2022.09.27

昭和から平成へ ホッカイダー小原信好の 「AROUND THE JAPAN 日本一周35000kmの旅」vol.9

今も昔も、旅人にとって「日本一周」は憧れの旅。お金があっても、時間があっても、簡単にできることではありません。誰もができるわけではないから、日本一周をしている旅人を見れば応援したくなるし、達成した人には賞賛と尊敬の念を抱いてしまいます。 今から30年余り前、「昭和」が「平成」に移ろうとしていたあの頃、盛岡の青年、小原信好氏がバイクで日本一周の旅に出発しました。

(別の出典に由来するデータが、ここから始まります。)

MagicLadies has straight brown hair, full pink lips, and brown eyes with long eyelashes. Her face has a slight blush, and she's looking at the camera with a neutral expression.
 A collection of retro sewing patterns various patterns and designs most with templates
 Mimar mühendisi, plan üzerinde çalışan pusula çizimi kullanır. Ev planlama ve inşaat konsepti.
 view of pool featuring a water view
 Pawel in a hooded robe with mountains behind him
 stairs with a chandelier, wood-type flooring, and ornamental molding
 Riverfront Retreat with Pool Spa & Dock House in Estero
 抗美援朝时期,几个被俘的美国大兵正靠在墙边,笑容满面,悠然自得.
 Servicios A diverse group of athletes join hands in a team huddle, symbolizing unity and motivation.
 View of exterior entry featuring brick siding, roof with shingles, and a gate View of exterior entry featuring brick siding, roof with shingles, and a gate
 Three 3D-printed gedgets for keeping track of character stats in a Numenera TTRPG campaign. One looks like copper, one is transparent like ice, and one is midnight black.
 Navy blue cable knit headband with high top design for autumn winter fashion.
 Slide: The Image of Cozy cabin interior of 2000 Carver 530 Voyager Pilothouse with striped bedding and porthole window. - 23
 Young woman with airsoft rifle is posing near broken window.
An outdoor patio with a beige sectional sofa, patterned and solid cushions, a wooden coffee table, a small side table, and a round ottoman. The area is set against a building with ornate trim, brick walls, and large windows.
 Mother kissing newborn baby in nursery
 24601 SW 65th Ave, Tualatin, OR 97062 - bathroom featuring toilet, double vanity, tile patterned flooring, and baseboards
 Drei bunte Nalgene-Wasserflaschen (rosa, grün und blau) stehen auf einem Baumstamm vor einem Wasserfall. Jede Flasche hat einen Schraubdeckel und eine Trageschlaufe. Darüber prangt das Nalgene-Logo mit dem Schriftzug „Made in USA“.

青年の日本一周を通して、当時の時代背景や、長旅にまつわる苦労や出逢い、喜びに触れてみましょう。 ※当記事はツーリングマップル週刊メルマガにて2019年1月~4月に配信した記事を再編集したものです。前回までのお話は本記事末尾の関連記事リンクからどうぞ

著・小原信好

<第9回 本州北上、北海道上陸>


昭和63年(1988年)6月、九州一周中であった小原青年は、地元の同級生キハルの結婚式出席のため、沖縄県上陸を秋以降に延期することに決めた。そして岩手県に向かって走行を開始する。この旅で出逢った人達や、同級生の家などに泊めてもらいながらの北上旅だ。 広島県福山市では、5月に世話になったばかりのD介君の下宿先「末広荘」に舞い戻り、なんと5連泊もした(管理人さん、ご迷惑おかけしました)。「福山大学」(中国・四国45K-4)の学食にご飯を食べに行ったり、毎晩、学生たちと語り合ったり(大人なビデオを観てみたり…)と大学生活をプチ体験。D介君、それ以来30年会っていないけれど元気かな? 「末広荘」を出発してからは、毎日200~300kmの走行距離で走り抜ける。過積載の「HONDA NX125」には厳しいが、結婚式に間に合わせないと!

大阪、とある美人ライダーとの再会


急ぎながらも、公衆電話から(←もちろんこの当時、携帯電話など無い)せっせと、途中で出逢った人に連絡を入れつつ移動していた。 大阪の枚方市役所前では3月に知り合ったM美さんと再会した。 初めて会ったとき、彼女は和歌山の海辺で防波堤の上に座り、ウォークマンで浜田省吾の曲を聴いていた。まるで雑誌のワンシーンのようなシルエット。ウブな小原青年は、スタイルが良く、髪の長い魅力的な女性ライダーに声をかけられず、そのまま走り去ったのであった。がその後、交差点で止まっていると、1台のバイクが横に止まる。彼女だ!そしてNX125の盛岡ナンバーを見て声をかけてきた・・・。 「え?岩手県から来ているの?」 それからなぜか、脇道にバイクを停めて話をすることに(ドキドキ)。彼女がヘルメットを脱ぐ。すんげ~美人だ!!「やったぜ~!」と「北の国から」の純君のような心の叫びが脳内に響いた。 そんな3月の出逢い以来、密かにハガキのやり取りをして再会の約束をしていたのだ。枚方市役所前で2時間も立ち話をした。 もちろん、その他の人との再会もいろいろあったのだが、その辺の話は一部、はしょらせていただく(笑)

京都で一瞬の再会、そして再びの姉妹宅へ


京都市内に入ると、「東寺」(関西95D-6)前の国道1号交差点で、真後ろに停車した車のドライバーに声をかけられた。なんと、愛媛県「佐田岬」(中国・四国88A-6)で一緒にテントを張ったM山さんだった。すげ~!信号待ちの一瞬の再会であった。その後、ツーリングマガジン「OutRider(アウトライダー)」のフォトコンテストで、グランプリを受賞していたのがM山さんの四国旅での写真で、またまた驚いた。 まだ梅雨時期で、雨と曇りの繰り返しの中だったが、6月25日群馬県庁、埼玉県庁に到達。そして、この旅に出発して間もない頃に、東京でお世話になった、Y子さん宅にまたお邪魔することに。前回の経験を活かして、玄関には私の汚い荷物対応のため、床にはビニールの敷物と沢山のタオルが(笑)。美人姉妹と3ヶ月ぶりの再会に乾杯!到着が21時を過ぎていたこともあって、お二人とも薄着でラフな格好。小原青年は、ドキドキを抑えるのが大変だった(笑)。映画「エイリアン」のビデオを観ながらのおしゃべりは続き、夜は更けて行くのであった。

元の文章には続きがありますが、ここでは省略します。